Many or most PWB (printed wiring board) programs make a netlist from a schematic. If you enter a wiring diagram as a schematic, you can get a netlist listing every "net" (set of things connected together) and the nodes (terminals on devices) that are connected to each other. It needn't be a single board, could easily be a panel or an entire machine.

Electrical verification of wiring is easily done with any of the various SPICE programs. They can "test" anything that can be represented with a schematic. If you could check the real thing with an ohmmeter or continuity tester, SPICE can certainly ohm out the schematic. They also enable easy schematic capture, and they are certainly not limited to circuit boards. They're of no use at all for physical drawings of panels, wiring harnesses, etc, though. The CAD packages do that, with a wide variety of capability, ease of learning, ease of use and price.

Reply to
Don Foreman

Oh, there certainly are programs if you can pry loose the funding.

Viewlogic will break up a design into a hierarchy with each module's schematic appearing as a connected block at the next higher level. I could design a Xilinx FPGA and simulate its schematic while also placing it on the board as a component, the board was a block on the backplane schematic, and the backplane was a block on the master schematic. Each board level schematic was exported to PADS for the board artworks. The interconnect cabling could come from the master schematic if everyone was careful to put all I/O on each block. There is enough drafting capability that I could create an isometric view as the symbol for strange experimental devices with unlabelled terminals.
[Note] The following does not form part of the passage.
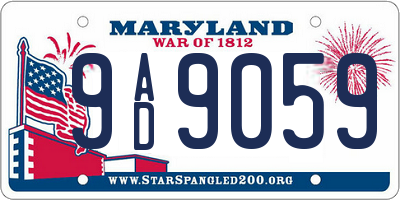 MD license plate 9AD9059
It helped significantly that I ran both the CAD room and the electronics lab and could make sure everything worked together.

I think both packages will output PDFs that can be pasted into Word.

Jim Wilkins

Reply to
Jim Wilkins

My computer is littered with a number of lousy software, and I think I may have found something that might do the job. Has anyone used Designworks by Capilano? I've spent a few moments working on a diagram I currently have in pencil, and so far it seems to be doing the job. Any other experience out there?